Faut-il avoir peur de l’Etat ?

Faut-il avoir peur de l’Etat ?

mars 28, 2021 7 Par Michel Santi

 

L’Etat a toujours fait peur et ceux que l’on nomme désormais « libertariens » ont toujours vu avec appréhension les pouvoirs publics prendre de l’ampleur car l’accroissement des attributs d’un Etat était interprété par nombre de citoyens à travers le monde occidental comme un rétrécissement de leurs propres libertés. Pour les adeptes de cette école de pensée – disons-le – assez complotiste, les marges de manœuvres privées sont inversement proportionnelles à la taille de l’Etat. Milton Friedman, Nobel d’économie en 1976 et qui fut quand même le père du monétarisme ayant un temps rayonné à travers le monde, n’aurait pas renié le Bitcoin car la pensée libertarienne fut au cœur de sa thèse économique.

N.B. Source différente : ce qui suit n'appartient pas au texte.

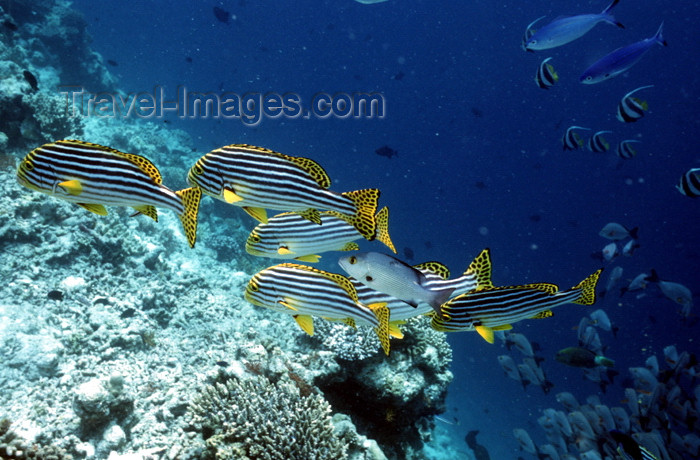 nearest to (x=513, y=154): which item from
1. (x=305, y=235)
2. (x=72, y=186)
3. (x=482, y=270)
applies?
(x=482, y=270)

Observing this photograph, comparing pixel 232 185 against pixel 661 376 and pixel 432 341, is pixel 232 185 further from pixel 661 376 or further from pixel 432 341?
pixel 661 376

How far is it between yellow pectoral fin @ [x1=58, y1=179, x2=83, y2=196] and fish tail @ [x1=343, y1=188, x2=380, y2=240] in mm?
1612

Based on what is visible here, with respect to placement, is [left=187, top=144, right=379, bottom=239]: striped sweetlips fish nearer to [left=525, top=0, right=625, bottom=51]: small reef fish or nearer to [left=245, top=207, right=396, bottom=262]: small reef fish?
[left=245, top=207, right=396, bottom=262]: small reef fish

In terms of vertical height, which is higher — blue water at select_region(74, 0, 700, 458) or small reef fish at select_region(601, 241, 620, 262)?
blue water at select_region(74, 0, 700, 458)

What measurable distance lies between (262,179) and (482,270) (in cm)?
188

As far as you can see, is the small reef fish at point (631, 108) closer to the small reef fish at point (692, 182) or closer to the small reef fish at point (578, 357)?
the small reef fish at point (692, 182)

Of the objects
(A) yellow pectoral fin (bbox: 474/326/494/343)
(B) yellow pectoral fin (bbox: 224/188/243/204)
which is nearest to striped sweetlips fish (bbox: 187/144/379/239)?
(B) yellow pectoral fin (bbox: 224/188/243/204)

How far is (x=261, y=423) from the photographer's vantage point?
4105 mm

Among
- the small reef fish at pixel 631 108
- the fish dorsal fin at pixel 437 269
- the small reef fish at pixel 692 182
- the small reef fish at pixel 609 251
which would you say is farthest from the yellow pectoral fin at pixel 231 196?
the small reef fish at pixel 609 251

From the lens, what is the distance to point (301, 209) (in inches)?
98.7

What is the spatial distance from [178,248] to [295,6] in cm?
7546

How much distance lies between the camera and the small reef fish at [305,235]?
2945 millimetres

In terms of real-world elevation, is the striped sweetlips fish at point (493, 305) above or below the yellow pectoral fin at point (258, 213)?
below

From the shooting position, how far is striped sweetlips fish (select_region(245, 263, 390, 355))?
274cm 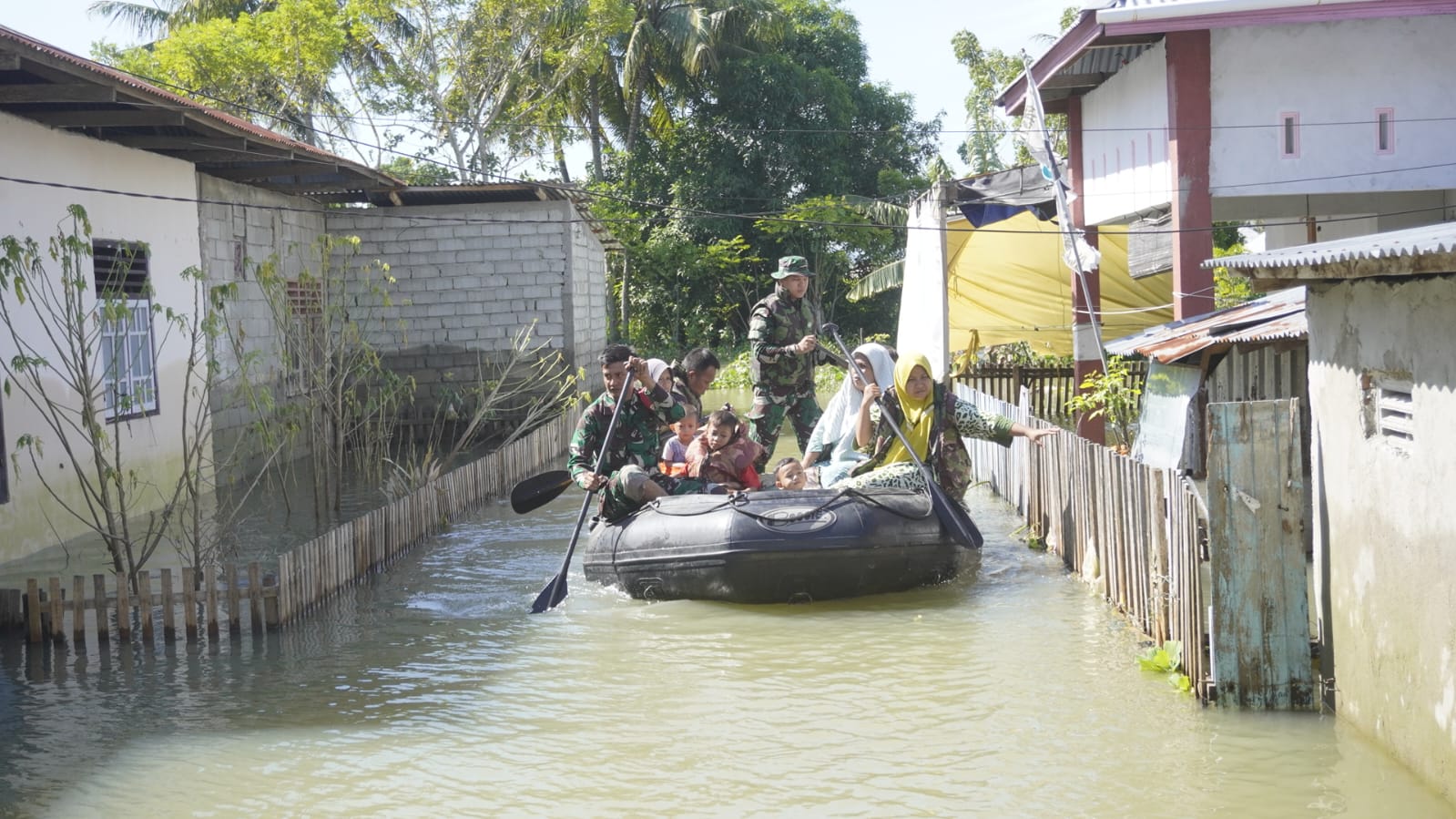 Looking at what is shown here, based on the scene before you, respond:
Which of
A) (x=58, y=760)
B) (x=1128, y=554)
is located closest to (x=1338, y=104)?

Voilà en effet un économiste majeur qui s’appliqua, tout au long de sa carrière, à confectionner des théories dont le but essentiel fut de limiter les pouvoirs étatiques et de promouvoir les initiatives privées dont il était persuadé qu’elles étaient bridées par les pouvoirs publics. Les Etats-Unis d’Amérique ont certes un lourd passé jalonné d’une guerre civile, notamment provoquée par le refus de certains Etats de reconnaître un pouvoir fédéral. Cette histoire et même cette scission sont toujours plus que jamais d’actualité de nos jours et restent largement représentées au sein des deux grands partis politiques. Friedman, pour sa part, transcendait dans ses pensées économiques l’aspect politique et allait encore plus loin en prêtant des intentions machiavéliques à un Etat qui – selon lui – profite des crises pour soutenir son économie afin d’accroître subrepticement et progressivement son emprise. Une récession et même un taux de chômage très élevé ne justifiant en rien, selon Friedman, que l’Etat intervienne, il préférait de loin soulager une économie déprimée grâce à la politique monétaire des banques centrales.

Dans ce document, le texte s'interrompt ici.